■ Data segment ■
-----

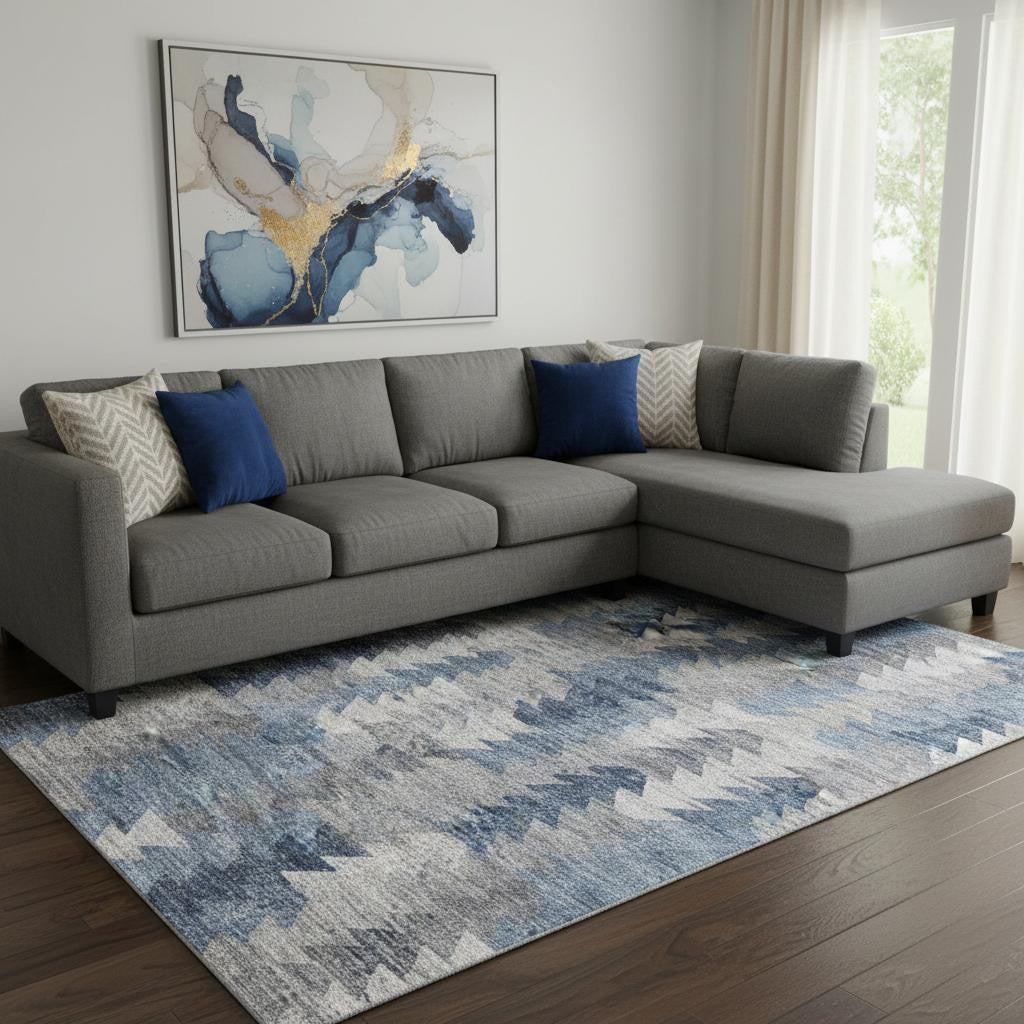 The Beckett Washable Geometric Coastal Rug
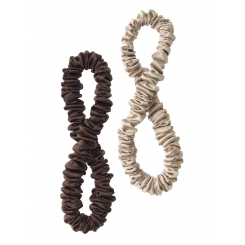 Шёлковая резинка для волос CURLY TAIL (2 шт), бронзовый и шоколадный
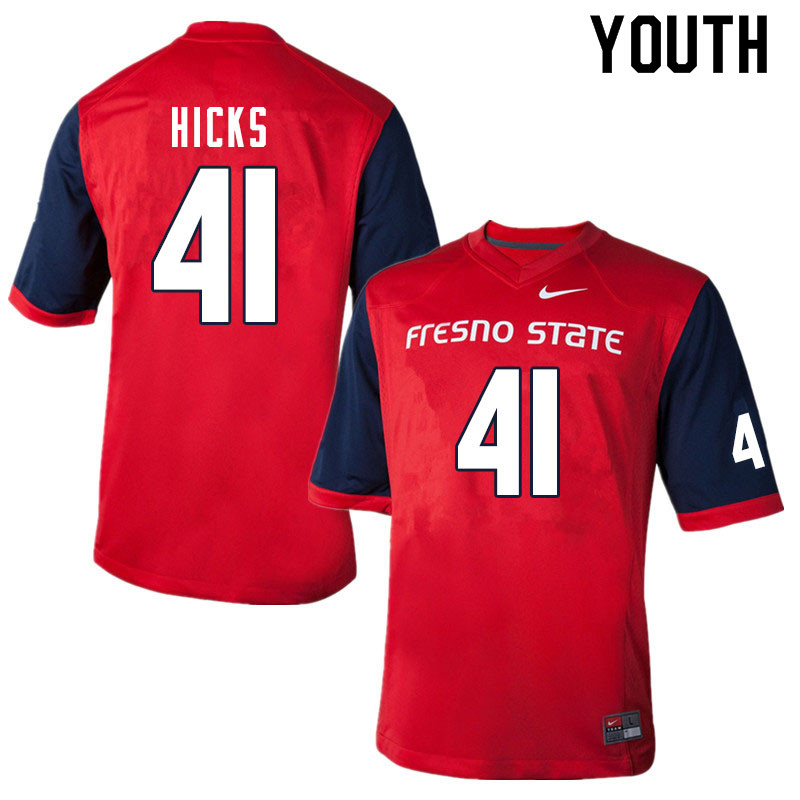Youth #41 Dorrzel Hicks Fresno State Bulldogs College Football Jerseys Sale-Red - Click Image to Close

-----

■ Work item ■
Print the data above exactly; drop every picture.

■ Final answer ■
 The Beckett Washable Geometric Coastal Rug
 Шёлковая резинка для волос CURLY TAIL (2 шт), бронзовый и шоколадный
Youth #41 Dorrzel Hicks Fresno State Bulldogs College Football Jerseys Sale-Red - Click Image to Close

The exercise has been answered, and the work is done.